Helena Yue's old bicycle stood against one of the trees alongside the path that went down the hills and towards the valley. It was a rusty machine that was almost as old as its owner: both Yue and her bike had come from the Earth, fifty-seven years before, both of them stored in the immense hallways of migrant ship Look At What We Have Here.
A cool wind ran down the mountains and the forest was ablaze with the colours of autumn. In the beginning, it had felt wrong to Yue. The colours, the smells, the plants - they were all so reminiscent of the Earth. The trees especially were a striking display of convergent evolution. Sure, they weren't actually trees. They were exceedingly complex colonies of symbiotic micro-organisms where algae, fungi and amoeba would merge to create forest colonies several thousand kilometres large capable of nigh-sapience - but externally they looked like Earth trees. Fungi running in the ground like roots. Hardened amoeba like the coloured bark of deciduous trees. Transparent algae sacks so thin they rustled in the wind like leaves. Even the animals shared similarities - flying lizards with feathers made for acceptable birds, fur-covered insects roamed around the woods as a substitute for mammals if one wasn't willing to look too hard. To the first migrants, Elora had felt like an eerie facsimile for the Earth. As a geologist, Helena perfectly understood the irony of the situation. Elora was in fact older than the Earth and life had appeared here at least a billion years before its entrance on Earth's grand evolutionary stage. If anything it was the Earth that looked like Elora.
0.8 Earth gravities, one atmosphere of pressure, a stable oxygen-nitrogen mix, three small moons keeping its orbit in check, a gentle F-class star illuminating its surface, long autumns and sweet springs followed by short summers and warm winters, three quarters of its surface covered in shallow oceans - Elora was a super-habitable world. Its life was richer than on Earth despite its evolutionary similarities. More complex, more intertwined. Its forests were immense, coherent organisms and its seas welcomed corals that could entertain complex thoughts. Elora was a planet full of collective intelligence. In the forests, billions of eyes were watching humans come and go, but those were benevolent, curious eyes, the eyes of consciousness billions of years in the making.
Helena Yue looked southwards. The mountains were covered in snow and the forests gleamed in nuances of orange, creating a vast colour chart running from the deep, fog-covered valleys to the azur-blessed tips of young peaks. A few arcologies ran along the abrupt slopes. Like the trees, they changed colours as seasons passed to blend in seamlessly with the landscape. Yue had been one of the proponents of this architectural style, four decades before. How to occupy Elora without ravaging it had been and still was the most pressing concern for the migrants - they still refused to refer to themselves as colonists. How to blend in. How to live and disappear.
To Helena Yue, Elora was humankind's true test. Humans were on the doorstep of becoming an interstellar civilization. Faster than light travel had been the first step, even if to a certain extent humankind had been robbed of this achievement by whoever had invented the geometry drive - but in truth it was irrelevant. Faster than light travel was a problem solvable by engineers. It was a matter of energy conversion. Not a simple one, of course, but still a problem that could be reduced to equations and schematics. It wasn't a test. It was a road bump. A mountain-sized road bump, true, but a road bump nonetheless. The second phase was where the true stakes resided. Settlement. Elora was humankind's best chance at establishing a permanent, sustainable, independent presence on another world. Mars, Tau Ceti, Trappist - all of them had been but rehearsals for the great play. Elora was the true goal. It wasn't just about establishing a self-sufficient colony - no, it was way more ambitious. It was about creating a civilisation.
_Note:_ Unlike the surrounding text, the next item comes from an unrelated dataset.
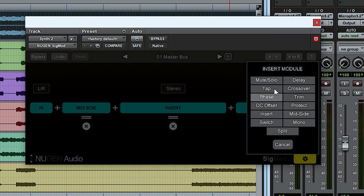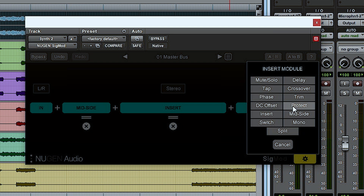You can see the full list of modules here — there's mute, solo, delay, tap, crossover, phase, trim, DC offset, protect, insert, mid-side, switch, mono, and split.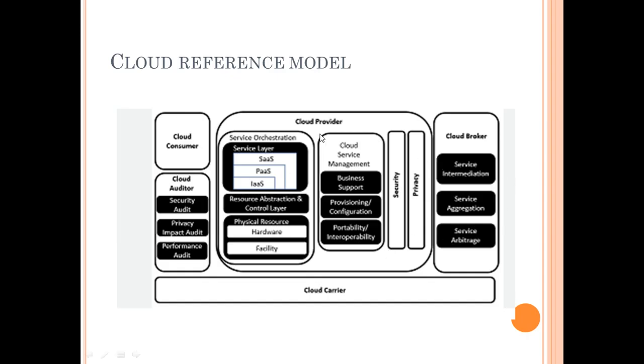These are the various functions of a cloud provider. Cloud consumer accesses the services given by the cloud provider. Cloud auditor checks for the performance, security, and privacy aspects of the cloud service provider.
In the balance hung the future of humankind. It was as simple as that. Elora was the endpoint of a seven hundred years war humanity had been waging against itself, from the dawn of the industrial age to the last years of the Low Age. A silent battlefield.
On the one hand, there was the endless repeating of history. The same failures, the same shortcomings as usual. There was Elora's incredibly complex and incredibly fragile life. There was humankind's tendency to spread, consume and devour, like all complex organisms left unchecked. There was Earth's example - a battered, ruined planet, left exhausted by the Anthropocene.
On the other hand, there was the legacy of the Low Age. Five hundred years of ecosystemic repairs and comprehension, five hundred years of social and economic progress, there was the power of modern AIs, the ability to model ecosystems in their entirety, the possibility to think as a planet for the very first time in human history. The possibility to do better.
And here she was, cycling under a foreign autumn sun, five hundred lightyears away from the Earth, the first person to step foot on Elora, yet as clueless as everyone else.